El chiste hizo que el teatro se viniera abajo por las carcajadas del público. La relación de Noir con los espectadores me desconcertó. ¿Me estaba perdiendo algo? ¿Quizá trabajar con Rivarola había hecho que perdiera mi sentido del humor? Me pregunté qué pensaría monsieur Volterra de las pullas de Noir a Mistinguett y Chevalier; después de todo, eran dos de las estrellas más importantes que habían pasado por el Casino de París. Dudaba que después de aquella noche quisieran volver a actuar allí de nuevo. Pero Noir también tenía algo preparado para monsieur Volterra.

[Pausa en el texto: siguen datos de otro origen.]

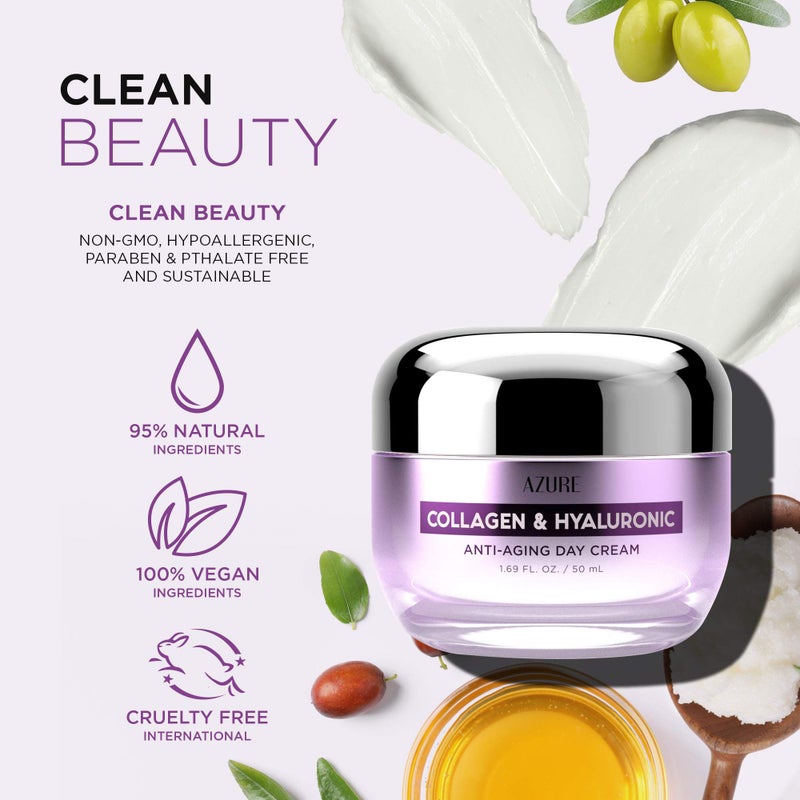 Azure Cosmetics Collagen & Hyaluronic Acid Face Moisturizer - Dermatologist Tested, Anti-Aging Cream for Fine Lines & Wrinkles - Ultra Hydrating Face Cream - Korean Skin Care - All Skin Type - 1.69 oz - Image 4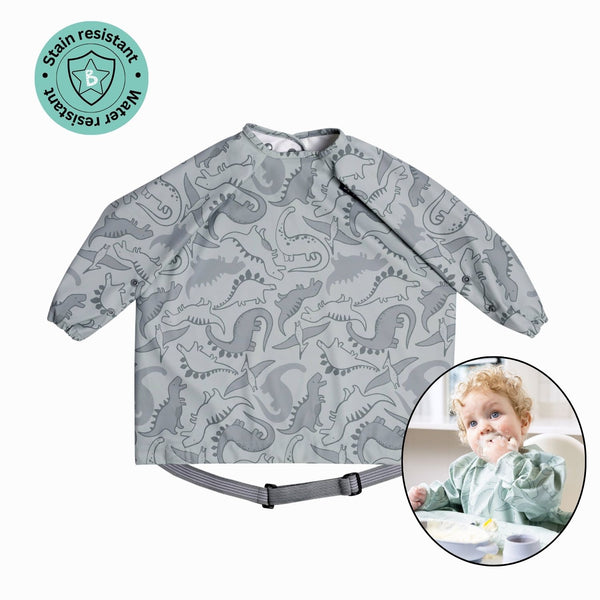 Stain & Water Proof Long Sleeve Coverall Shirt Weaning Bib Dino Roar Print- Grey - For Infants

—¿Cómo se puede saber si un empresario teatral está vivo o muerto? —preguntó al público—. ¡Abaníquenle con un billete de dos mil francos!

Después de aquello, la orquesta comenzó a tocar y Noir inició una canción. Todo el tono de la actuación cambió y entonces comprendí qué era lo que lo hacía tan atractivo. Noir tarareaba y medio cantaba, medio recitaba la canción con una voz que era la mejor que yo había oído en un cantante en París. Tenía más resonancia que el argot de Chevalier y era más ágil en sus saltos y acentuaciones que la de Fernandel. Si cerraba los ojos, podía olvidarme de que la canción la estaba interpretando aquel hombre tan repugnante. Aquella voz pertenecía a alguien apuesto. Pero incluso cuando abrí los ojos, el aspecto de Noir mejoró mientras cantaba. Tenía algo magnético. Traté de descubrir con exactitud qué era, porque me temía que podía ser aquella «cualidad para el estrellato» que yo andaba buscando tan desesperadamente. Quizá era la confianza que irradiaba por todos los poros de su generoso cuerpo. Era bueno y lo sabía.

Estaba tan embelesada por su canción sobre un dandi que está enamorado de la doncella de su amante que me olvidé del taburete astillado y de la crueldad de las bromas que antes había contado. La voz de Noir suavizaba sus asperezas de la misma manera que el mar despunta las piedras afiladas. Pero al instante siguiente dejé de disfrutar de un golpe. Noir cogió un bastón y recorrió dando saltitos el escenario mientras balanceaba el bastón al ritmo de una música que reconocí perfectamente.

¡La! ¡La! ¡Bum! Aquí viene Jean

en su nuevo Voisin.

¡La! ¡La! ¡Bum! Y pregunta: «¿Qué haces?».

¿Qué le puedo decir?

¡La! ¡La! ¡Bum! Que estoy calentando mi maquinita…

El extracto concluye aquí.